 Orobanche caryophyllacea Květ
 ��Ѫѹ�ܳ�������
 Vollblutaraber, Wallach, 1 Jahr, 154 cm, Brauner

————————

* _What you need to do_
Give back the whole listing, word for word.

* _Output below_
 Orobanche caryophyllacea Květ
 ��Ѫѹ�ܳ�������
 Vollblutaraber, Wallach, 1 Jahr, 154 cm, Brauner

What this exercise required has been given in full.